Capano Jeopardizes Race By Selling Bloomberg to Voters
(Image, from Left to Right, of Bob Capano, Michael Bloomberg, and Sen. Martin Golden (aka The Golden Prince) looking chummy)
It has already been established that the vote to give would-be third-term Mayor Michael Bloomberg the party’s line was deeply contentious. Even our politically schizophrenic Chairman Craig “The Duke” Eaton admitted before he flip-flopped that the GOP’s support of Bloomberg could divide the party.
Now, however, 43rd City Council District Candidate Bob Capano, who was at one time evaluated to be chairman of the party, is taking a huge political risk advertising his connection with Bloomberg in a city in which the mayor is highly controversial.

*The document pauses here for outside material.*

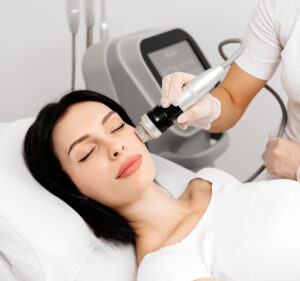 Fractional RF Microneedling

A recent Marist Poll has received a great deal of attention from the media, demonstrating that Mayor Bloomberg has recently gained ground in his election against Thompson. Yet, that is not the entire story. The poll shows a number of negatives for Bloomberg, negatives that could impact Capano in his race.
First, the poll has only 52% of voters saying they would vote for Bloomberg, hardly a landslide. While he leads Thompson by 16%, there are around 10% of undecided voters that could make this election tighter than it appears. Also, Bloomberg’s favorability ratings have remained unchanged in recent times, meaning he has not grown support in spite of his millions of dollars spent on campaign ads.
Most importantly–and a serious issue for Capano–is the number of New Yorkers that disagree with the Mayor’s flip-flop on term limits. Nearly 50% believe the term limit issue is more likely to make them vote against Bloomberg. Atlas has received emails from individuals troubled over this issue, particularly regarding Capano. One person emailed us saying “why would he do a thing like that?” while another said she “won’t vote for him [Capano]” because of Bloomberg.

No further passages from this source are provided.